*YOUR OBJECTIVE*
From the records below, count the lines containing the word "Pictures" and give only that number.

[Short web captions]
******************************
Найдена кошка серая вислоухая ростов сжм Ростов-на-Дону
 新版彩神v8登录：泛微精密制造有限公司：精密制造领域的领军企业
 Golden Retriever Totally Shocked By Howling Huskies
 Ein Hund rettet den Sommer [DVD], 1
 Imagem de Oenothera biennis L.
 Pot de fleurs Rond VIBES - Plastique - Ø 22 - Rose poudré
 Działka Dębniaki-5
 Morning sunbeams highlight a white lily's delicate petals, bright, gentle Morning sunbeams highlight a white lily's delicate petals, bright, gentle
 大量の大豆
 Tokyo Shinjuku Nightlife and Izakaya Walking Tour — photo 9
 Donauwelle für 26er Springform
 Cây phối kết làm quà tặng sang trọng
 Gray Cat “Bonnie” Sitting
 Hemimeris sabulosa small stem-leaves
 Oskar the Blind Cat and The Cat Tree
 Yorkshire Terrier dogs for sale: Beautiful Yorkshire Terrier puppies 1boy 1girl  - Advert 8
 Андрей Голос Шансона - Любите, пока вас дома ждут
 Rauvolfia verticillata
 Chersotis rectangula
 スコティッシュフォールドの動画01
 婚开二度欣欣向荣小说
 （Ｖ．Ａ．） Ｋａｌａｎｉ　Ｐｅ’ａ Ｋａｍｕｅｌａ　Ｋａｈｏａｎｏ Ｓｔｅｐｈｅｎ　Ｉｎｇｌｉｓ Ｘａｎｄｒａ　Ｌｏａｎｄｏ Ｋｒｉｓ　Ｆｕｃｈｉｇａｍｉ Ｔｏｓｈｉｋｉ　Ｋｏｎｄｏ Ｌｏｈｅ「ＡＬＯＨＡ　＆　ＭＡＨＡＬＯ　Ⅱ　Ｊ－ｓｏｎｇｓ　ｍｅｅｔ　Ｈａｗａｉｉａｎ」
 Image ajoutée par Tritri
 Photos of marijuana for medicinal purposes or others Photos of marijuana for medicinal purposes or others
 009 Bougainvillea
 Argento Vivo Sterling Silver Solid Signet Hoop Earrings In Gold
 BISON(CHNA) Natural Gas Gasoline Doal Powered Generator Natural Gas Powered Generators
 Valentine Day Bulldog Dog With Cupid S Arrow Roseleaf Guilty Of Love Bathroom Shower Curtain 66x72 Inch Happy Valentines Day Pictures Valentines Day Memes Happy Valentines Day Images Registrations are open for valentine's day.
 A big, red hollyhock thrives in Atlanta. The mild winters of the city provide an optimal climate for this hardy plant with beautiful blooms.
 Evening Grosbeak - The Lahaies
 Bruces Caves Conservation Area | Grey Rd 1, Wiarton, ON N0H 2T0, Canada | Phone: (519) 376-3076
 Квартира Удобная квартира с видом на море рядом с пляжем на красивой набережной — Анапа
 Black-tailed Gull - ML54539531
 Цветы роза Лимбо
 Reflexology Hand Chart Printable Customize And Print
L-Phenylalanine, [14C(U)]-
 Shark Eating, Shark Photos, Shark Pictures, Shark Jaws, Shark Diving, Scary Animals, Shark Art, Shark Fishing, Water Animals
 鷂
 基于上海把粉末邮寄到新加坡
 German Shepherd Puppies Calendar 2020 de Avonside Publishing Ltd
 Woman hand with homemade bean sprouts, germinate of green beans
******************************
*SOLUTION FOR THIS EXERCISE*
2